AIM OF THE EXERCISE: Reproduce the material below only from the line with "Students wait to" to the line with "Blade: Watered steel", both included, keeping each line exact and dropping the pictures.

EXCERPTED RECORDS:
-=-=-

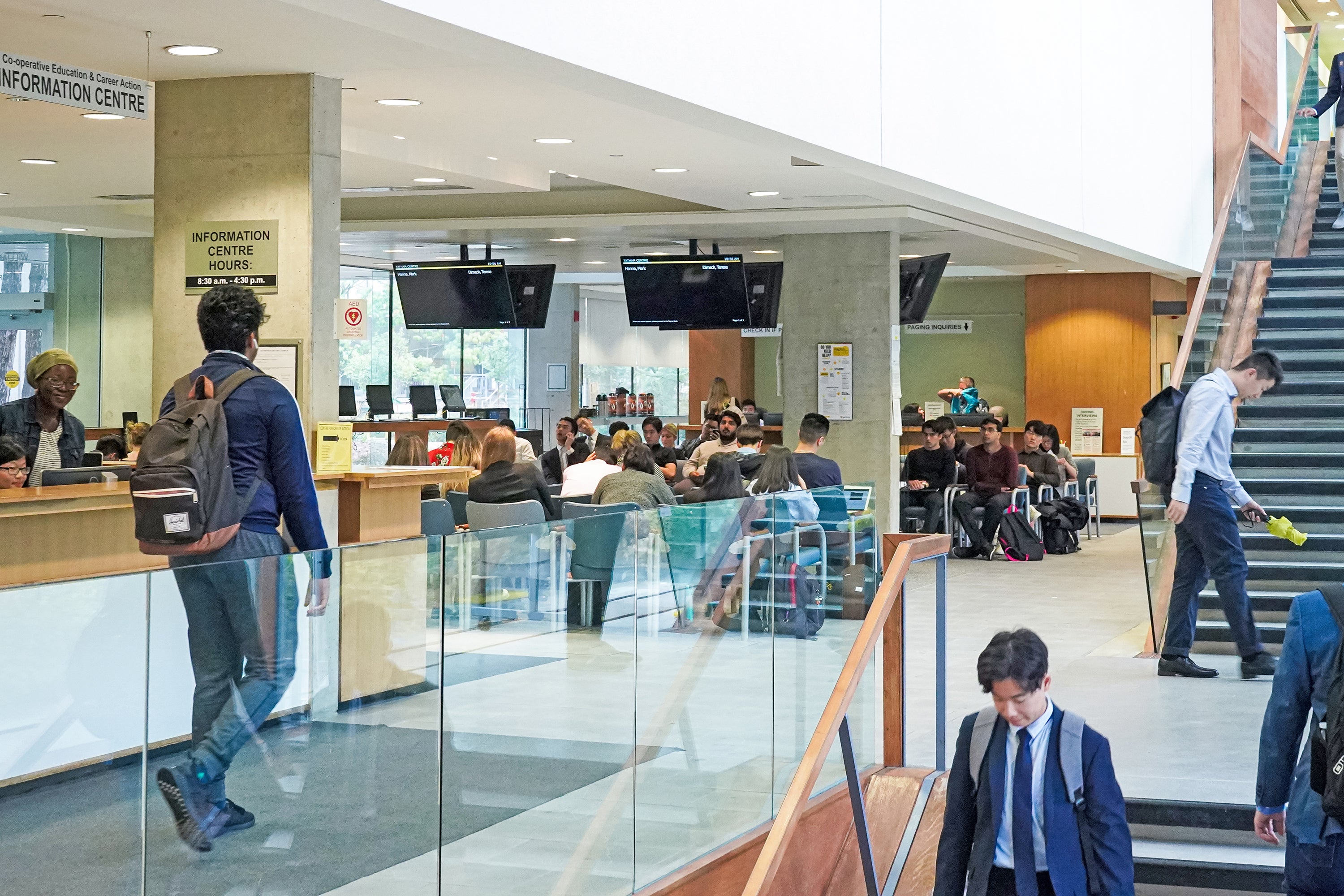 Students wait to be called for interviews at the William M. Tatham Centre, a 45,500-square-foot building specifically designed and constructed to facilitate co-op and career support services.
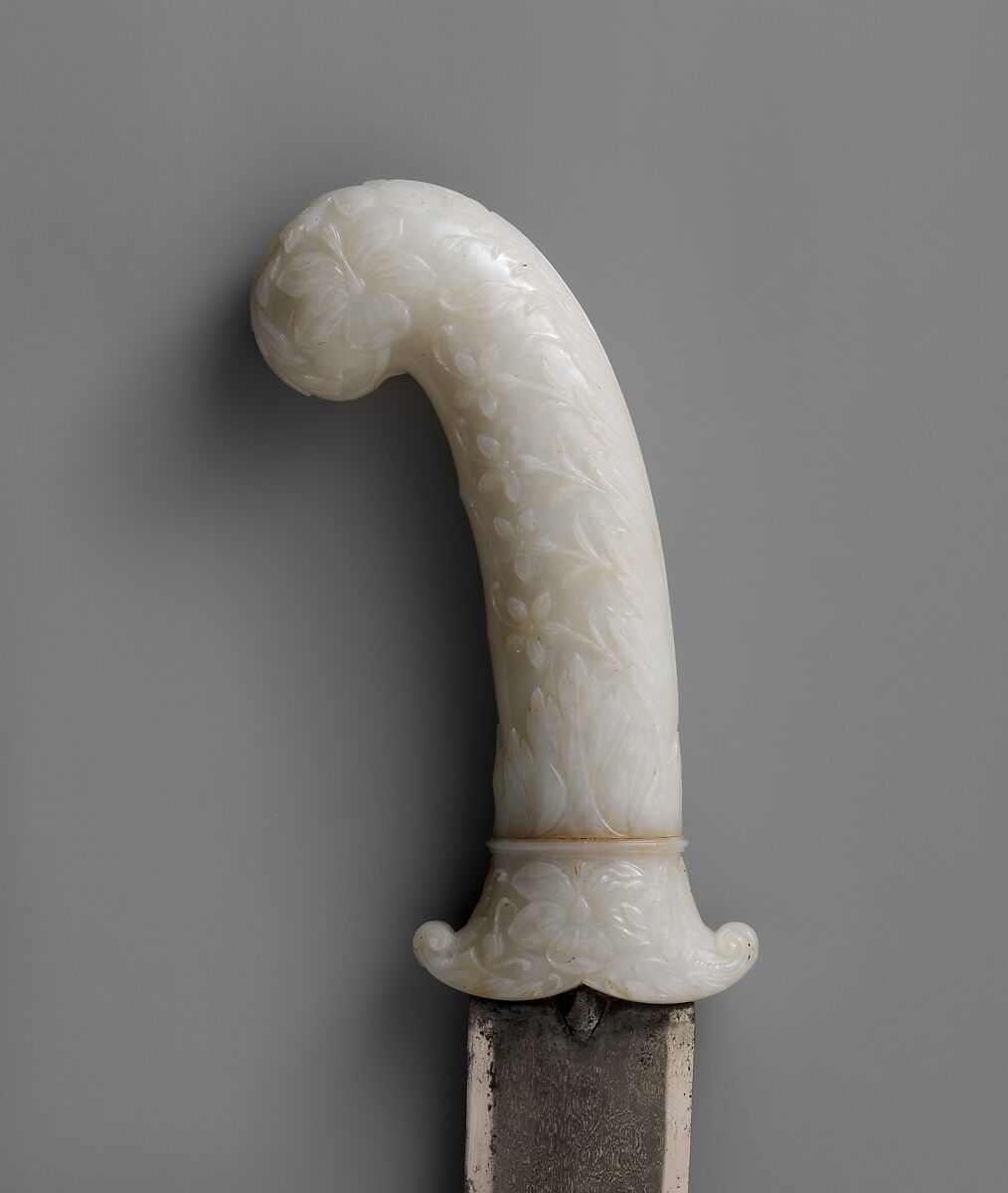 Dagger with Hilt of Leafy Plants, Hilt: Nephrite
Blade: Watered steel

-=-=-

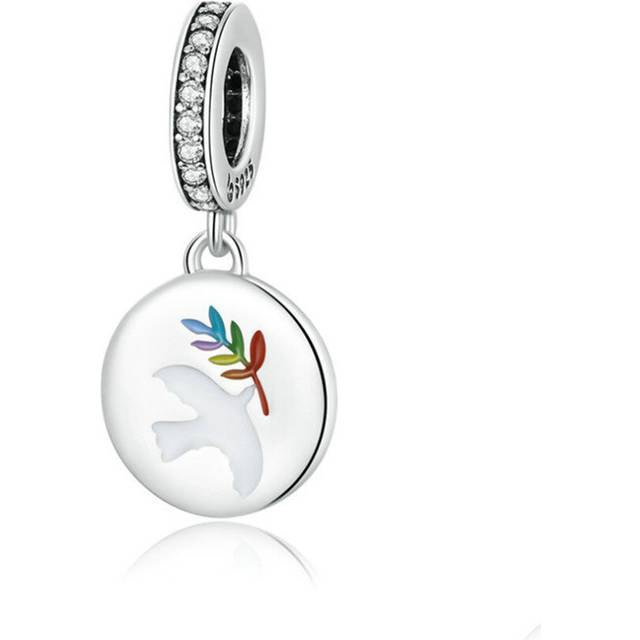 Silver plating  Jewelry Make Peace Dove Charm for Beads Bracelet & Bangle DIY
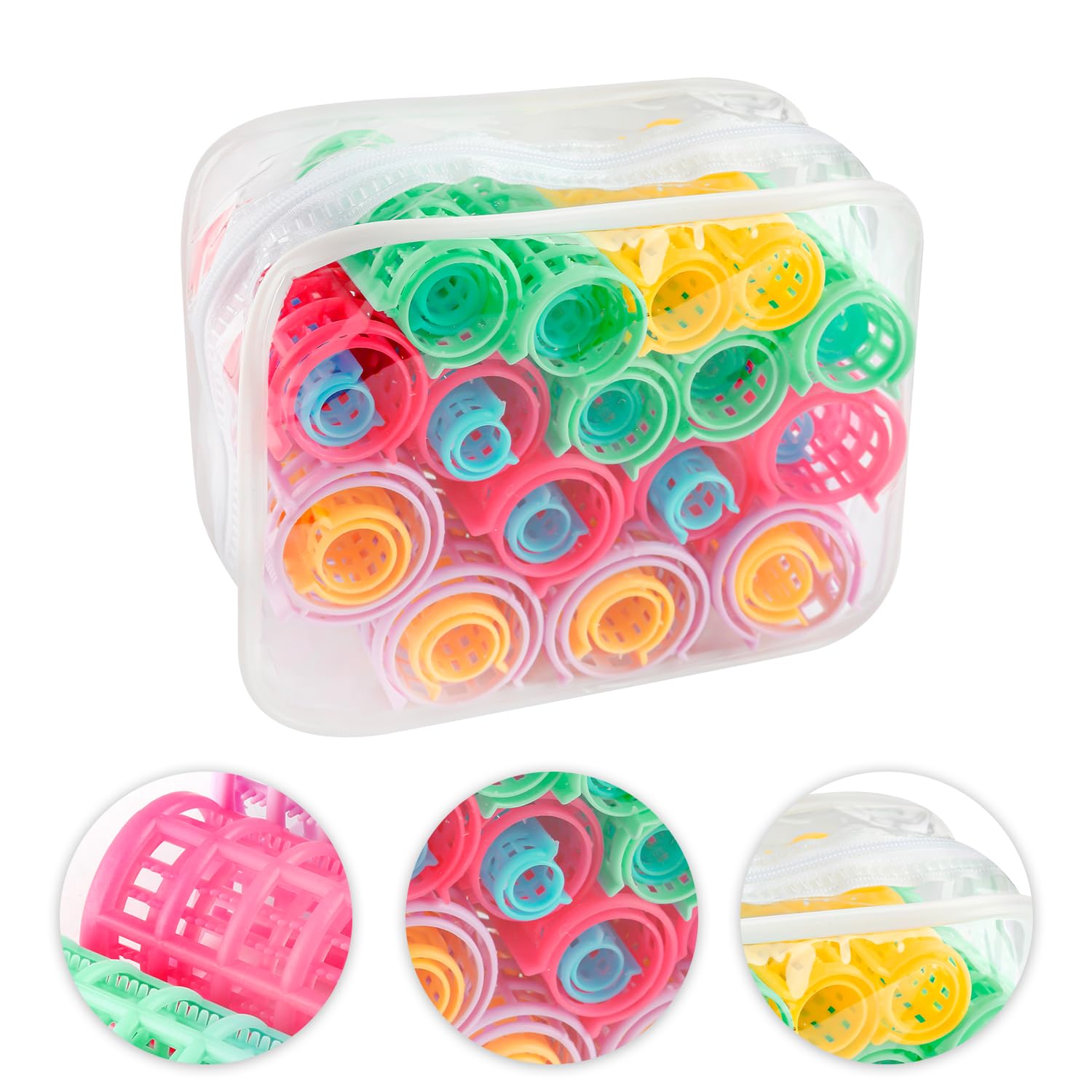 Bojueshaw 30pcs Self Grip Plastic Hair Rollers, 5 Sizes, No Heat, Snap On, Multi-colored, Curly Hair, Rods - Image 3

-=-=-

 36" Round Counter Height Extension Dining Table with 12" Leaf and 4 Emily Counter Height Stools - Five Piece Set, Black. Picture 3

-=-=-

ANSWER BOX:
 Students wait to be called for interviews at the William M. Tatham Centre, a 45,500-square-foot building specifically designed and constructed to facilitate co-op and career support services.
 Dagger with Hilt of Leafy Plants, Hilt: Nephrite
Blade: Watered steel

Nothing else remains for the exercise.